── Supplied records

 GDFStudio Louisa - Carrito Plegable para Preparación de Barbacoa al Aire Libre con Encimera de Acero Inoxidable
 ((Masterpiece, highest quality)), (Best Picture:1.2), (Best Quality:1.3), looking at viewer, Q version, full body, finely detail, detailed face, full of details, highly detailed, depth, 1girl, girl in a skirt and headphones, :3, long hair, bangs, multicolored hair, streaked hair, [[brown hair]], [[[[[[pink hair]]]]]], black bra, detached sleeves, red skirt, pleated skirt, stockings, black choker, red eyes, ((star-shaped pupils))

────
── Supplied records

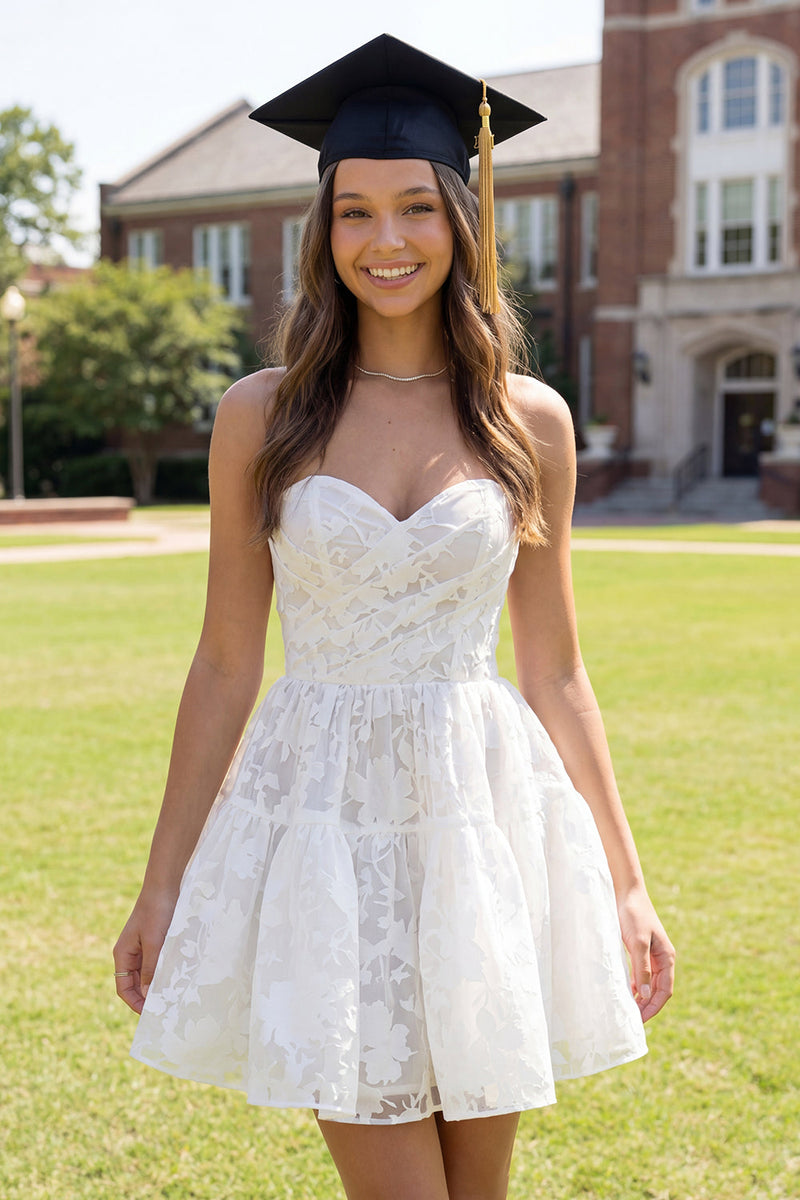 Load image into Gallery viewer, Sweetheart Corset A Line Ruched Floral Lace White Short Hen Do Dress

────
── Supplied records

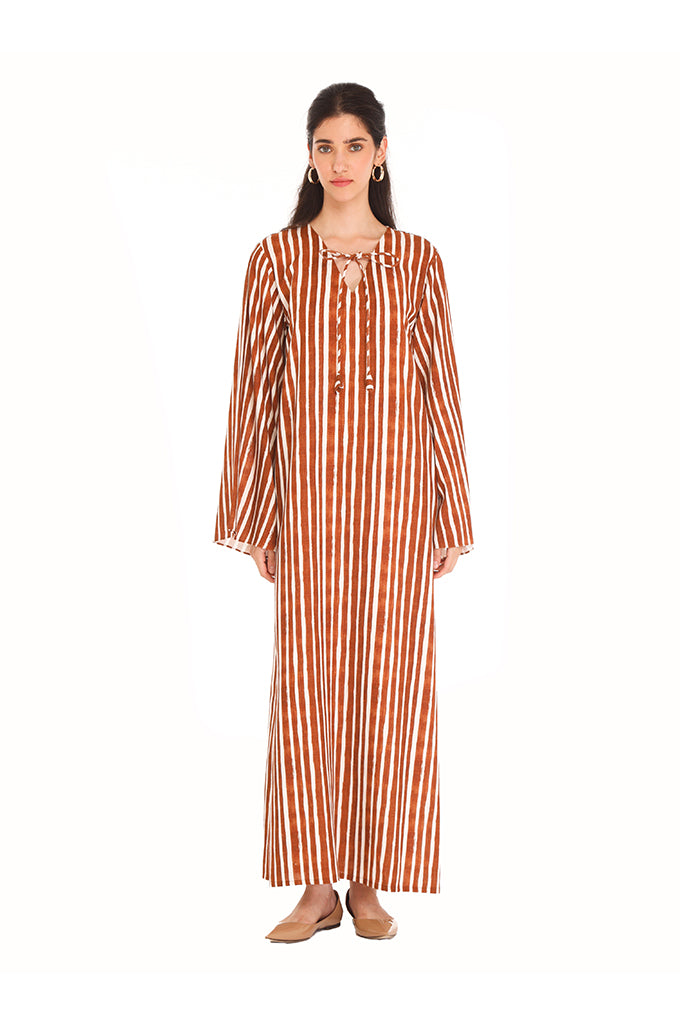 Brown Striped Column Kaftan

────

**Exercise requirements:** Using the entries above, give again exactly the lines from the line holding "GDFStudio Louisa - Carrito" through the line holding "((Masterpiece, highest quality)), (Best". Include both end lines and nothing else.

**Task solution:**
 GDFStudio Louisa - Carrito Plegable para Preparación de Barbacoa al Aire Libre con Encimera de Acero Inoxidable
 ((Masterpiece, highest quality)), (Best Picture:1.2), (Best Quality:1.3), looking at viewer, Q version, full body, finely detail, detailed face, full of details, highly detailed, depth, 1girl, girl in a skirt and headphones, :3, long hair, bangs, multicolored hair, streaked hair, [[brown hair]], [[[[[[pink hair]]]]]], black bra, detached sleeves, red skirt, pleated skirt, stockings, black choker, red eyes, ((star-shaped pupils))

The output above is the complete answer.